Description
You will design and implement a PySpark Structured Streaming application to ingest data from Confluent Kafka topics into Apache Iceberg tables.
Responsibilities
- Build streaming pipelines that parse JSON and Avro payloads, apply schema mappings, and write atomically to Iceberg using the foreachBatch micro-batch pattern.
- Configure Kafka source parameters including bootstrap servers, consumer group IDs, offset management, checkpoint paths, and trigger intervals.
- Implement PII detection and Protegrity tokenization hooks within the ingestion pipeline before data lands in the Iceberg Bronze layer.
- Write comprehensive unit and integration tests for row count validation, schema conformance, Kafka offset commit verification, and source data comparison.
- Support UAT by walking engineers through the code, demonstrating the use of only supported Apache APIs, and addressing review findings.
Required Skills
- 4+ years of hands-on experience with Apache Kafka (Producer & Consumer) in PySpark, Java, or Scala.
- Deep understanding of Kafka internals: topics, partitions, consumer groups, offsets, rebalancing, and exactly-once delivery semantics.
- Experience with Confluent Kafka: Schema Registry, Avro/JSON serialization, and Confluent Cloud or on-prem cluster configuration.

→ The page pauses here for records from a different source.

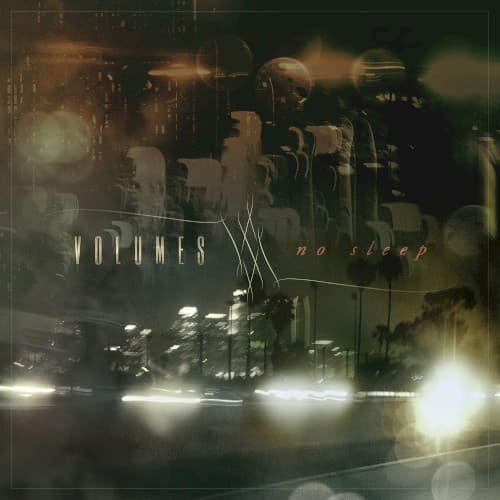 No Sleep by Volumes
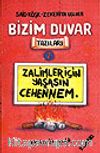 Zalimler İçin Yaşasın Cehennem/Bizim Duvar Yazıları 2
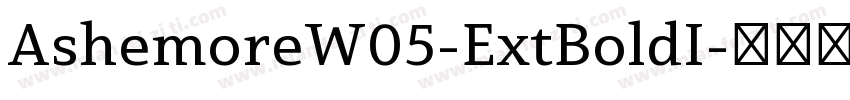 AshemoreW05-ExtBoldI字体转换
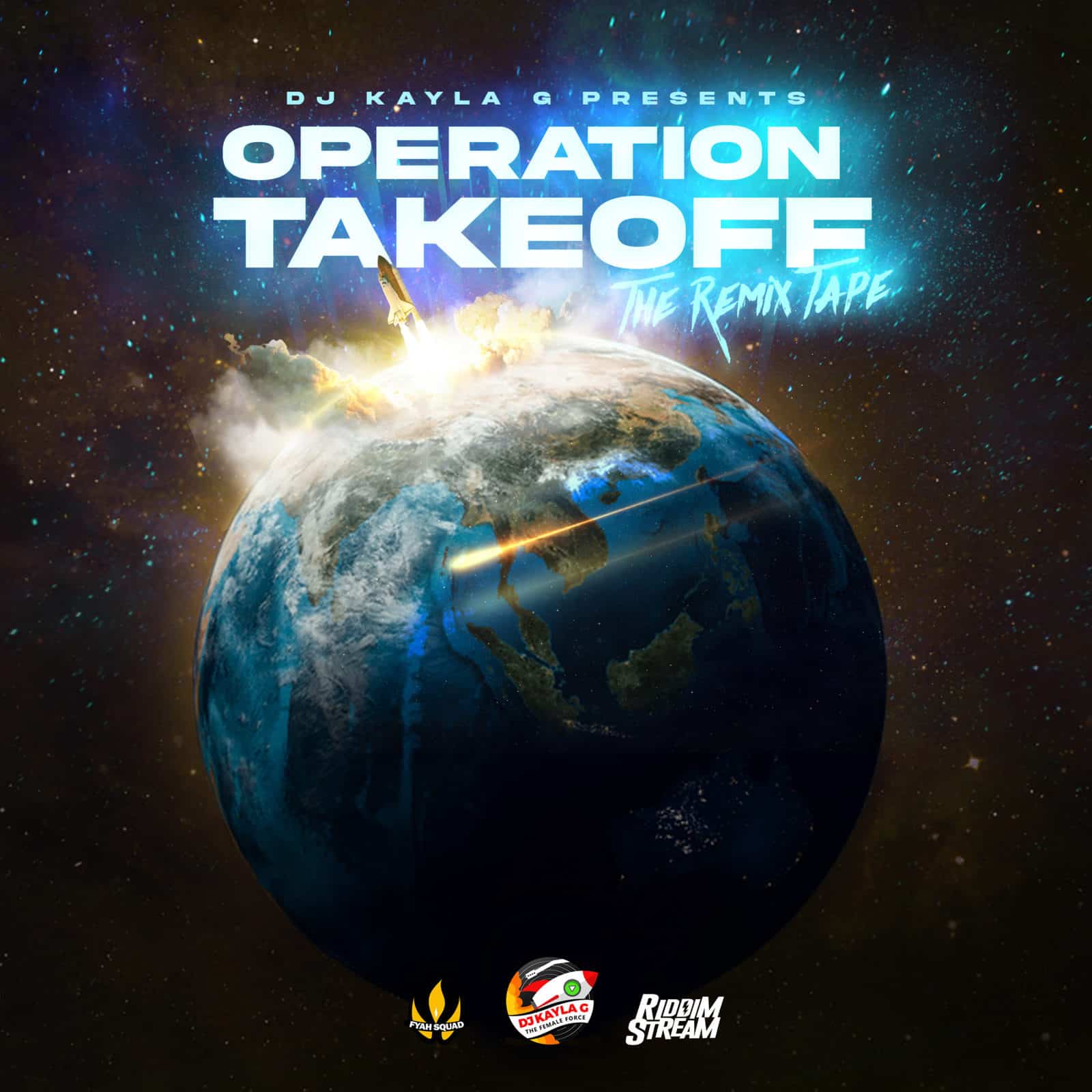 DJ Kayla G - OPERATION TAKEOFF: The Remix Tape (2020 Mixtape)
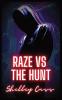 Raze vs The Hunt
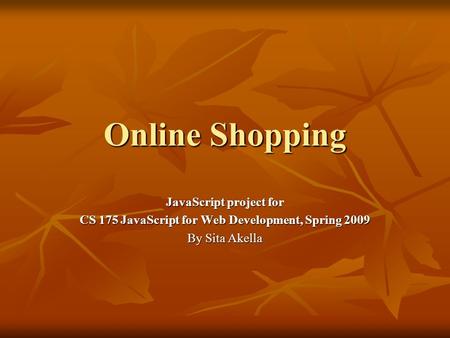 Online Shopping JavaScript project for CS 175 JavaScript for Web Development, Spring 2009 By Sita Akella.
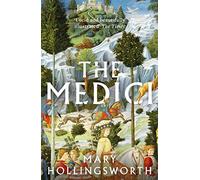 The Medici: Mary Hollingsworth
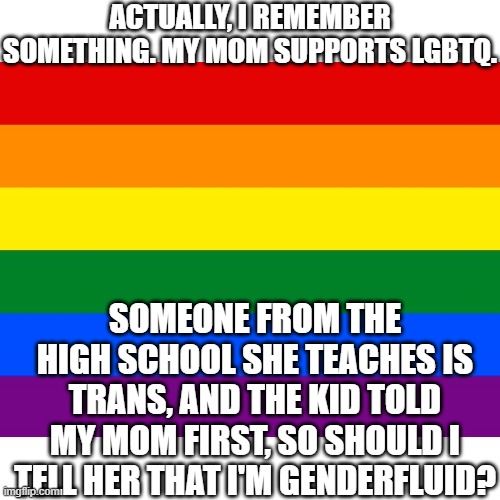 ??? | ACTUALLY, I REMEMBER SOMETHING. MY MOM SUPPORTS LGBTQ. SOMEONE FROM THE HIGH SCHOOL SHE TEACHES IS TRANS, AND THE KID TOLD MY MOM FIRST, SO SHOULD I TELL HER THAT I'M GENDERFLUID? | image tagged in lgbt | made w/ Imgflip meme maker
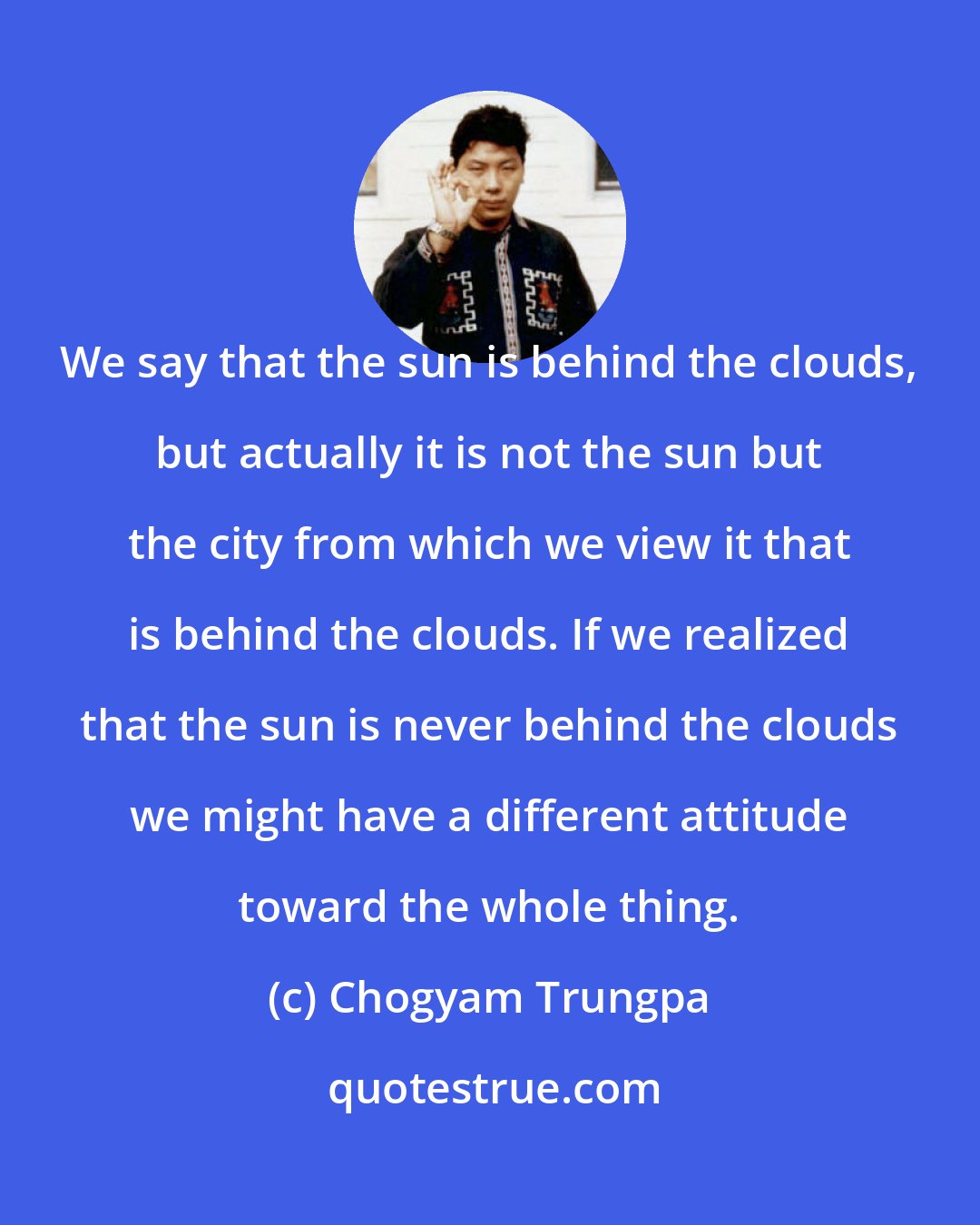 Chogyam Trungpa: We say that the sun is behind the clouds, but actually it is not the sun but the city from which we view it that is behind the clouds. If we realized that the sun is never behind the clouds we might have a different attitude toward the whole thing.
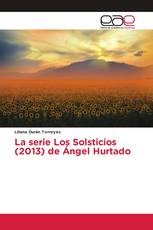 La serie Los Solsticios (2013) de Ángel Hurtado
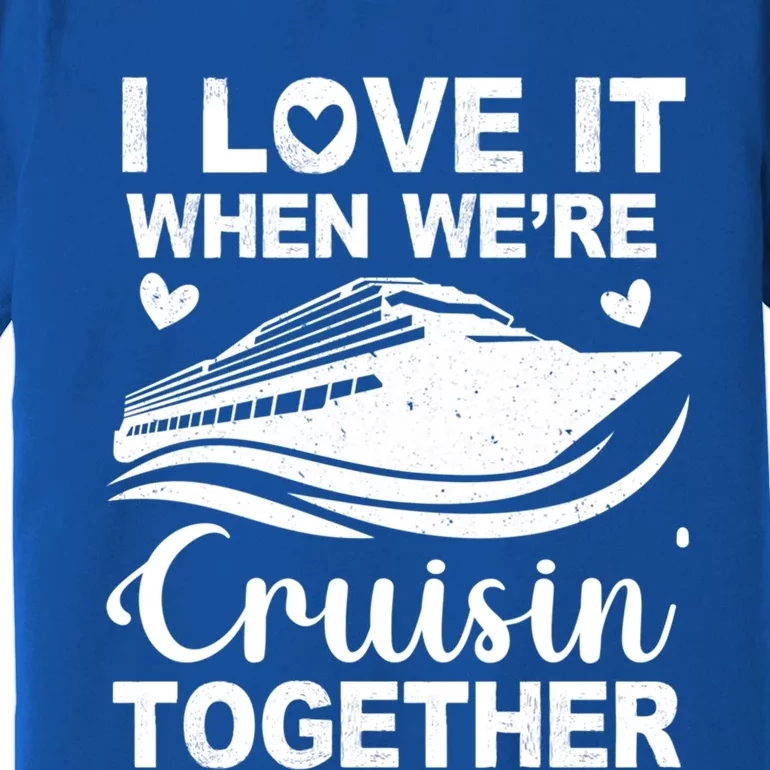 I Love It When Were Cruising Together Honeymoon Cruise Gift Premium T-Shirt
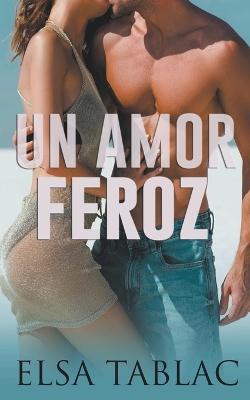 Book cover for Un amor feroz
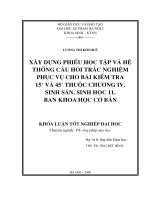 Luận văn sư phạm Xây dựng phiếu học tập và hệ thống câu hỏi trắc nghiệm phục vụ cho bài kiểm tra 15'' và 45'' thuộc chương IV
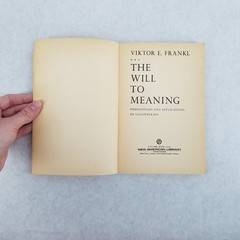 The Will To Meaning – Softcover by Viktor E. Frankl – w/ Original Receipt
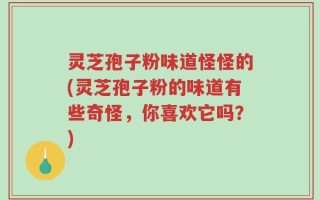 灵芝孢子粉味道怪怪的(灵芝孢子粉的味道有些奇怪，你喜欢它吗？)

- Strong practical experience with PySpark Structured Streaming: Kafka/file sources, foreachBatch, output modes, and checkpoint management.
- Ability to tune streaming micro-batch trigger intervals, watermarking, and late data handling for production workloads.
- Hands-on experience writing streaming data directly to Apache Iceberg tables using the Iceberg Spark runtime.
- Implement robust error handling including dead-letter queues, parse error isolation, and recovery from checkpoint failures.
- Working knowledge of Apache Iceberg catalog configuration, schema definition, append writes, and partition strategies.
- Familiarity with S3-compatible object storage as an Iceberg warehouse destination and medallion architecture principles.